As I walked over to where the others in the group were sitting on a curb, observing this exchange, I heard one of them say, "you might as well let him shine your shoes."

Well...that did it. I was already feeling conflicted about it, and by now I was imagining him returning back to his home feeling rejected and incapable. I have felt that way myself.

I went and found him and now I asked him, "would you like to shine my shoes?" Would you beleive his price went up? I laughed as he said, "10 Q." I responded, "well, ok...if you think you can, they are covered in concrete." He said, "I can."

I'd say my expression pretty much says it all...

And so we made our way to the curb where I sat down and placed a boot on his mobile work bench (a nifty carrying case that doubled as a shine stand.) He then said, "you want them polished?" When I replied, "yes" he said, 15Q."

"We agreed to 10!" He replied, "10 for clean. 15 for clean and polish." I couldn't help but life. I knew I was being manipulated, but I was charmed by his charisma. I have been a hiring manager and a trainer for some time and I wish I could find this type of ambition in the folks I encounter in that role.

And so, I said "yes." I had successfully now negotiated the price of my shoe shine from 3Q to 15Q. As he began his work I reached into my pocket and pulled out the first bill I felt. It was a 20Q. He then smiles and says, "I will wax for 20."

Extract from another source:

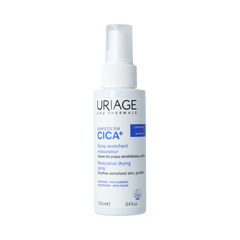 Uriage BARIEDERM CICA+ HERSTELLENDE UITDROGENDE SPRAY 100.00 Milliliter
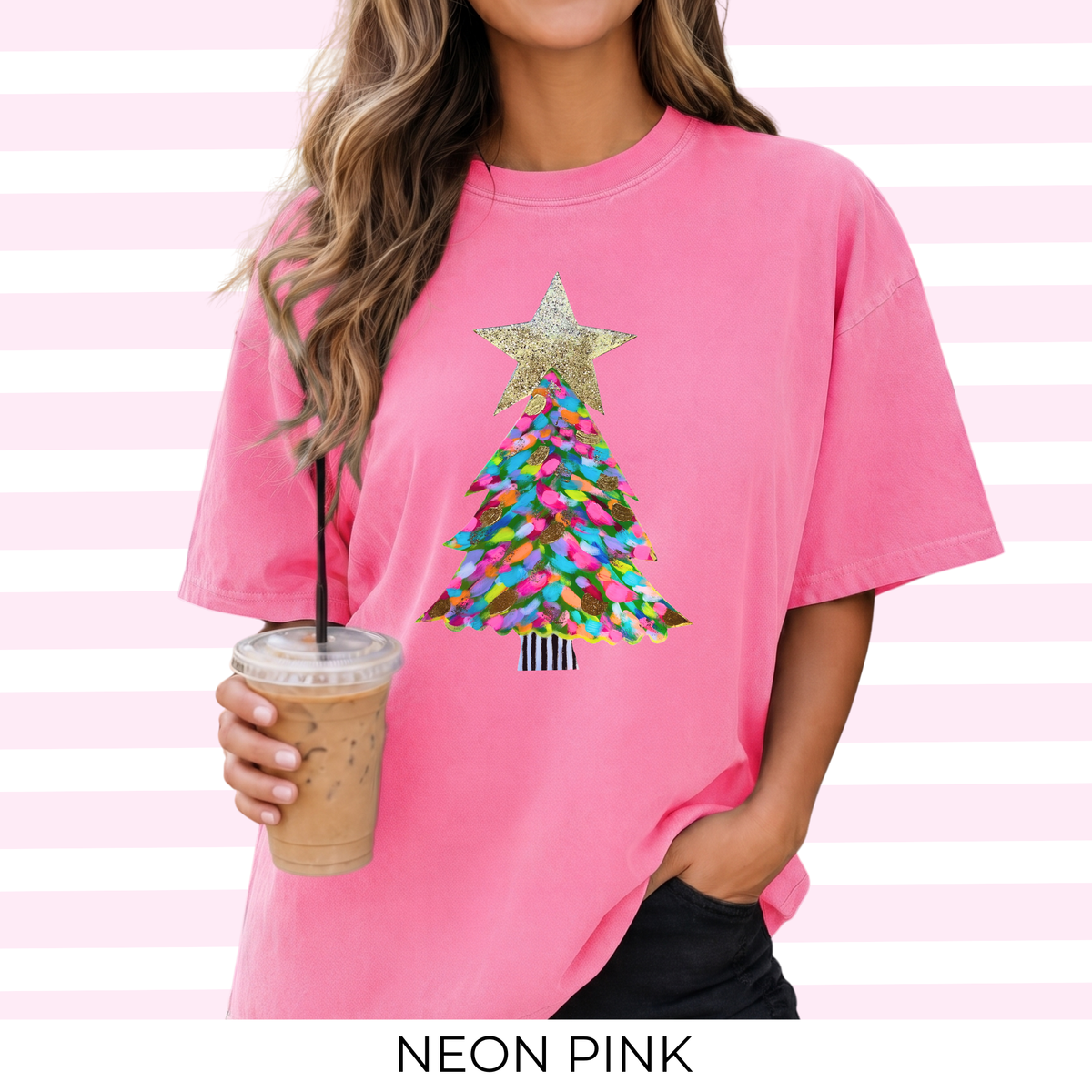 "Sparkle Tree" T-Shirt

I was already amazed by his speed and his thoroughness. The concrete was removed from both boots already and he had applied a conditioner to the leather. His small hands moved like machinery. They were stained and strong from his labor. I have had professional shoe shines in the past in some nice sort of places. This small boy was shining my shoes better than anyone else I had ever witnessed. I spent a summer as a shoe salesman myself, and I had been trained in shoe care. This kid was incredible. I suppose it necessary. There was a lot of competition in that square, and I am sure he was told "no" more than he was told "yes."

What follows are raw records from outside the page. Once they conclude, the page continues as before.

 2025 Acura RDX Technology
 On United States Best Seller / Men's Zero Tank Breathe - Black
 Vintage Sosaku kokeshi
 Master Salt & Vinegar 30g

And so, with a genuine smile on my face, I successfully negotiated an even higher price for my shine. 20Q.
At this point another team member sat down beside us and began to take a photograph. I was looking at the money in my hand and I unfolded the 20Q bill. A 5Q that had been folded inside was now visible to both me and my temporary employee.

Without missing a beat, he turned to both of us and said, "you take picture, it cost 5Q more." We laughed and he continued his work. He had cleaned, conditioned, shined, and waxed my boots. He now removed a fifth product from his box and began shining the black rubber soles of the boots. I told him, "I have 25Q in my hand and it is your payment."

This was my un-wanted, un-needed shoe shine deal for 3Q that I had successfully bartered to pay over 8 times that amount!

The boots looked incredible. I walked over to the group and Fontaine inquired how much I had paid. I told him, he passed that info on to Edgar... and Edgar howled with laughter! He told me that I made a nice donation to that boy.

And so now, of course... I felt a bit foolish. Here I was, the big gullible, bleeding-heart American who had been bested by a kid on the street. I thought to myself, his English was even pretty good... I bet that boy does just fine manipulating people like me.

I still had to smile though... because the entire exchange had been amusing, entertaining, and enjoyable. His personality and charm were equal to the masterful job he had completed. I figured he earned every bit of it... even if I did overpay him.

And then, I wondered how much I had overpaid him. The last time I had my shoes shined, it cost me $10, in a Boston airport. Oh, plus tip.

So, I did the mental calculation converting 25 Quetzels to U.S. Dollars.

I had just had the shoe-shine of my life (these boots had been covered with CONCRETE and now they shined like patent leather.) I then calculated his original asking price of 3Q.

38 cents.

My perspective on this interchange shifted yet again.
I am so glad I finally said, "yes."

If you ever find yourself in the square at Antigua, find the small boy with the big smile and work-worn hands.
And when you do... negotiate up.

I paid 5Q for this picture. It is worth FAR MORE.


  1. Thank you, Chad, for helping me to feel like I'm there. And thank you for saying YES to that boy!

  2. Wow! What a touching story, I hope you all are having a wonderful trip-we're praying for you!